Work item:
Beginning with the line that has "Welcome to Guns" and ending with the line that has "Hi, it's Shacki", retype the entries below exactly, except for the pictures.

Data provided:
*** Begin section ***

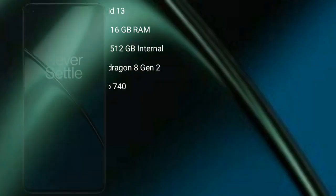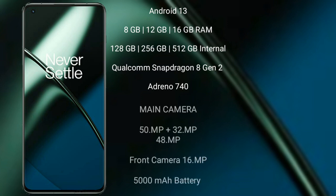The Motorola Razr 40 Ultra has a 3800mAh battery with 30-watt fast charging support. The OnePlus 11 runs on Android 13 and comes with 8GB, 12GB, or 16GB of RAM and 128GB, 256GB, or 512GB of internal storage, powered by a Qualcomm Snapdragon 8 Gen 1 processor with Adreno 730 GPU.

*** End section ***
*** Begin section ***

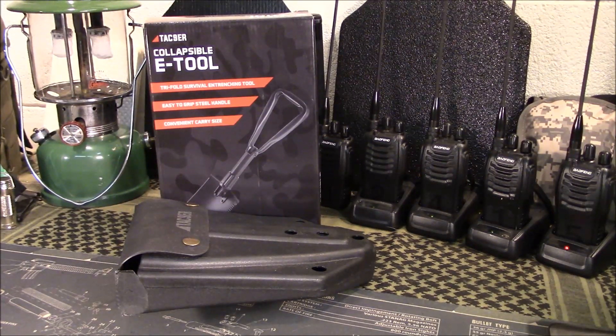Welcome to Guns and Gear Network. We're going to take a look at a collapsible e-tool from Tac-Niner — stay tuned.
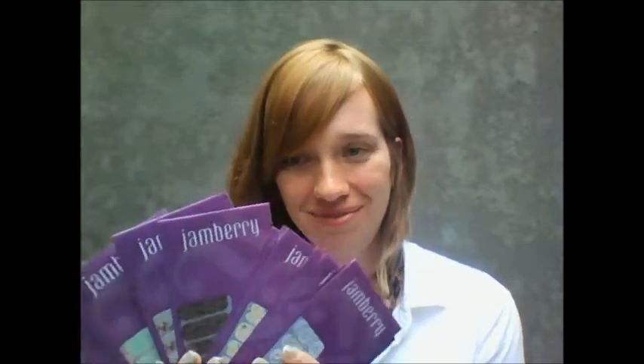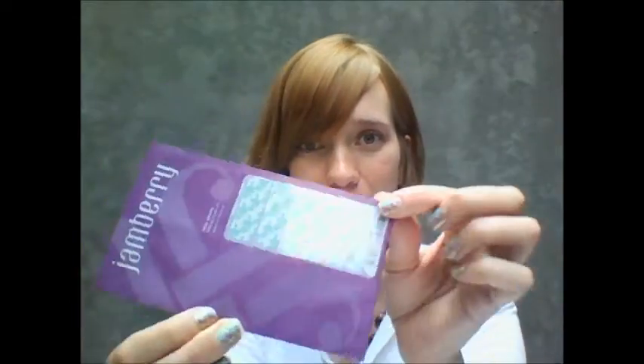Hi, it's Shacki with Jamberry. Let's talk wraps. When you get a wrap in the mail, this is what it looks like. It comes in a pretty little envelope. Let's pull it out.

*** End section ***
*** Begin section ***

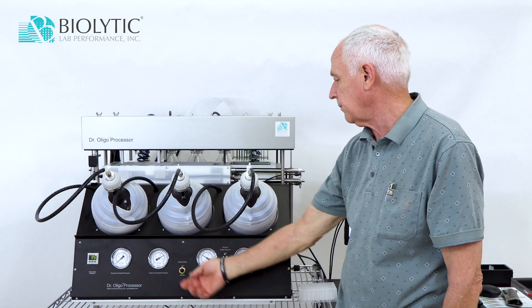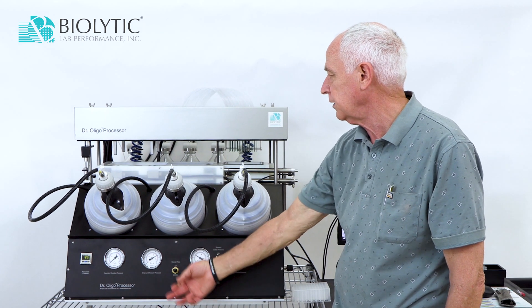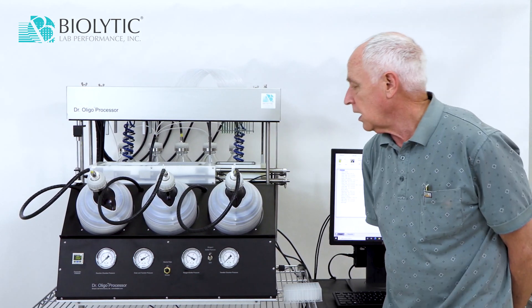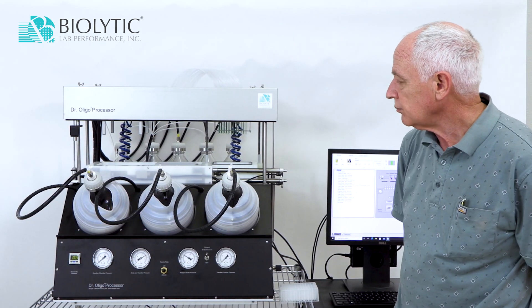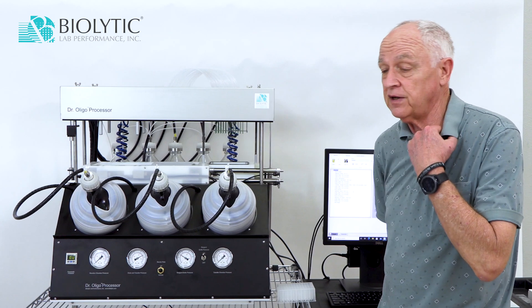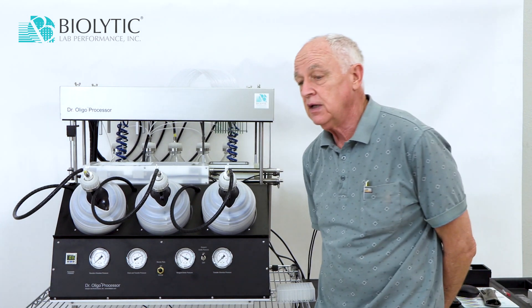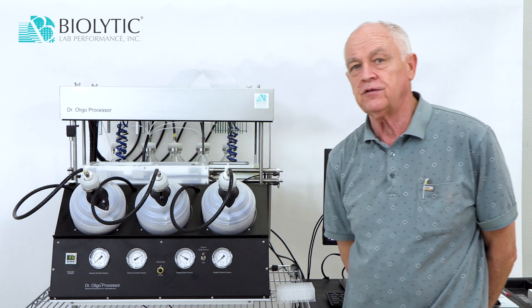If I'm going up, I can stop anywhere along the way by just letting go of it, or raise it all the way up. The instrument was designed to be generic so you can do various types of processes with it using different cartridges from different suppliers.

*** End section ***

Exercise response:
Welcome to Guns and Gear Network. We're going to take a look at a collapsible e-tool from Tac-Niner — stay tuned.
Hi, it's Shacki with Jamberry. Let's talk wraps. When you get a wrap in the mail, this is what it looks like. It comes in a pretty little envelope. Let's pull it out.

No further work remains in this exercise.